§ WORK REQUIRED: Look below for the line holding "House of Harlow" and the line holding "220V Electric Inflatable". Transcribe exactly those lines and all lines between them, nothing more.

§ INPUT DATA:
□ □ □ □ □ □ □
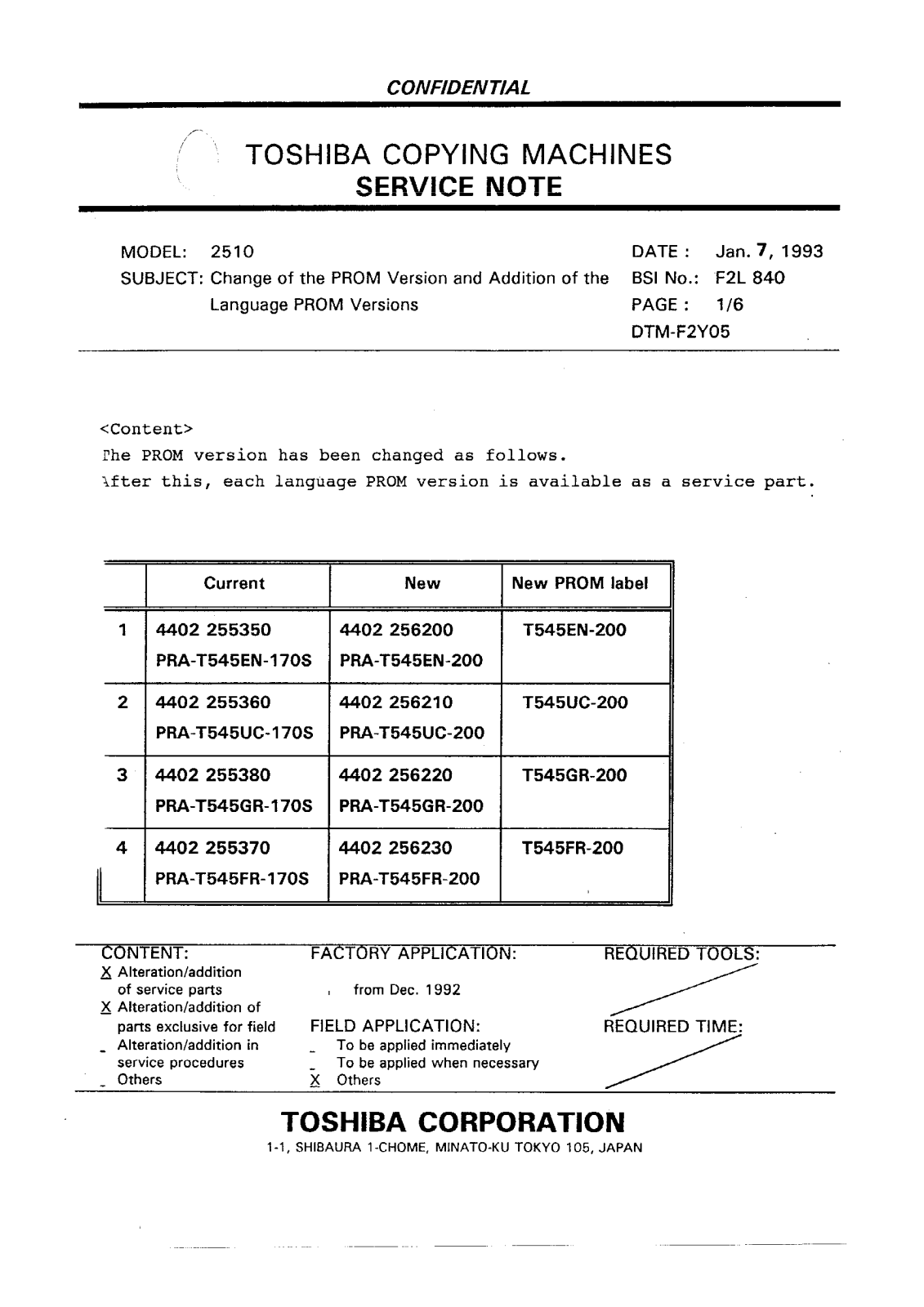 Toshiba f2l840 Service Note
□ □ □ □ □ □ □
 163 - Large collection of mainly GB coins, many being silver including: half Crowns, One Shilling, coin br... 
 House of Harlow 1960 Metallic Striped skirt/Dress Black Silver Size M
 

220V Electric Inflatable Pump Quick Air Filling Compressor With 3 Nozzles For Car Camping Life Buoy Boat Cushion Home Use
□ □ □ □ □ □ □
§ EXERCISE OUTPUT:
 House of Harlow 1960 Metallic Striped skirt/Dress Black Silver Size M
 

220V Electric Inflatable Pump Quick Air Filling Compressor With 3 Nozzles For Car Camping Life Buoy Boat Cushion Home Use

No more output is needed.